If you can read a score this is where it may be very helpful, no matter which recording you listen to.


----------



## Mandryka (Feb 22, 2013)

ChrisBrewster said:


> There has never been a consensus about the right way to perform Die Kunst der Fuge. I've seen credible arguments that it really was for harpsichord, and organ is at least another keyboard instrument. Then there are many recordings by orchestras, string quartets, brass groups, even saxophone groups.
> 
> My problem is that I have trouble following this work, since there are multiple lines, and they cross. Bach clearly means each line to be heard *as* a line, not just adding notes to a general sound. So I've long wanted to hear a version in which each voice has a distinct sound. Even the orchestral versions fail to achieve this. The definitive ensemble for distinct sounds is a woodwind quintet -- the kind that includes the non-woodwind french horn. But I've never found a version for this kind of ensemble. (It should actually be an octet, I think -- with eight distinct sounds.)
> 
> ...


Check out this

https://www.amazon.com/Art-Fugue-VIOTTA-ENSEMBLE/dp/B000AA4L5K

But you know, an organ is a sort of wind instrument. Have you heard Walcha play it?


----------



## Tarneem (Jan 3, 2022)

this is the miracle of Bach... his scores are so _chic_ that they would sound incredible even if you performed them with a tuned set of toothpicks


----------



## hammeredklavier (Feb 18, 2018)

Tarneem said:


> this is the miracle of Bach... his scores are so _chic_ that they would sound incredible even if you performed them with a tuned set of toothpicks


I think that's a myth. 



With all 18th century music, the inner voices sound "fuzzy" and "muddy" on the modern grand, and Bach is NO exception. Bach did NOT envision his music on instruments with cross-strung bass. "He didn't specify the instrument" isn't really an argument; I think it stems from the thinking "Bach's music is for the (eternal) universe and cosmos, so it doesn't adhere to the (mundane) 18th century practice of doing things". 
(I mean, if you're singling out Bach out of all other 18th century Baroque composers' music in this case by saying "this is the miracle of Bach...", you might be indulging in some kind of wishful thinking)

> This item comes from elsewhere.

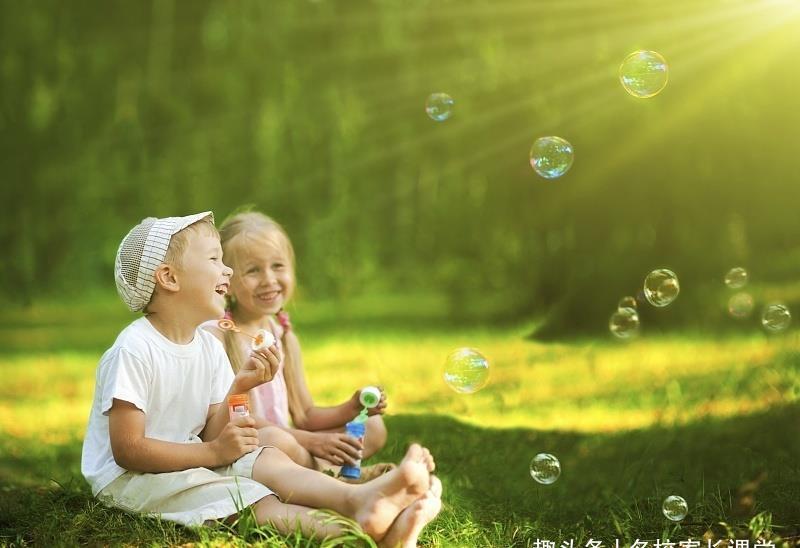 父母|没有规矩不成方圆,父母一定要帮孩子养成3个规矩,一生受益!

^this is just like the kind described in


----------



## pianozach (May 21, 2018)

I'm of the notion that you could transcribe a great deal of Bach's works for any number of collections of diverse instruments. Heaven knows that Wendy Carlos did half a century ago on synthesizer.

I did my own virtual transcription (for piano, organ, electric guitar, and bass guitar) of the _*2nd mvt*_. of Bach's *Toccata in D Minor*, a _4-voice fugue_, a decade ago. For fun.

You may, or may not like it, but it supports the claim from both myself and *Tarneem*


__
https://soundcloud.com/pianozach%2Ftocatta-in-d-minor-ii-thema


----------



## marlow (11 mo ago)

I have this one by Canadian Brass. Really good!


----------